◆ **Task goal**: Exact copies of all the lines below are required, with the pictures omitted.

◆ **Raw data**:
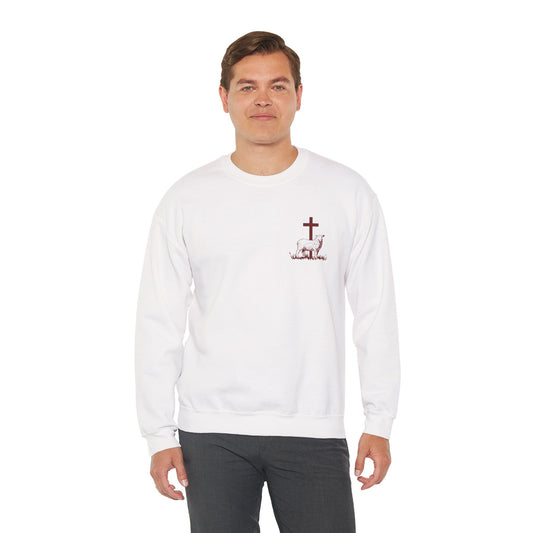 Christian Lamb Crewneck Sweatshirt - 'He Left the 99 to Come Find Me'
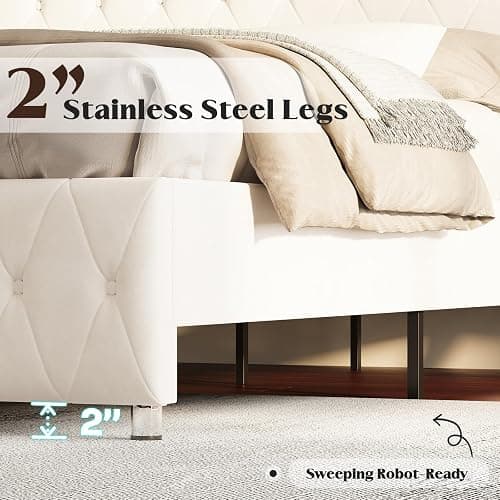 YUMPIE Full Bed Frame LED Lights Headboard, Velvet Upholstered, Cream | Adjustable Headboard built-in Chic Acrylic, Footboard, No Box Spring Needed, Solid Wood Slats, Noise-Free, Easy Assembly thumbnail 8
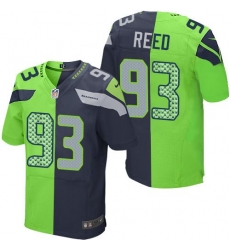 Nike Seahawks #93 Jarran Reed Steel Blue Green Mens Stitched NFL Elite Split Jersey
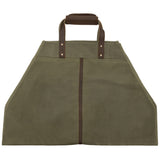 Olive Drab - Wax Canvas Log Carrier – Indoor/Outdoor Firewood Bag – Great for Campfires and Fireplaces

◆ **Answer box**:
 Christian Lamb Crewneck Sweatshirt - 'He Left the 99 to Come Find Me'
 YUMPIE Full Bed Frame LED Lights Headboard, Velvet Upholstered, Cream | Adjustable Headboard built-in Chic Acrylic, Footboard, No Box Spring Needed, Solid Wood Slats, Noise-Free, Easy Assembly thumbnail 8
 Nike Seahawks #93 Jarran Reed Steel Blue Green Mens Stitched NFL Elite Split Jersey
 Olive Drab - Wax Canvas Log Carrier – Indoor/Outdoor Firewood Bag – Great for Campfires and Fireplaces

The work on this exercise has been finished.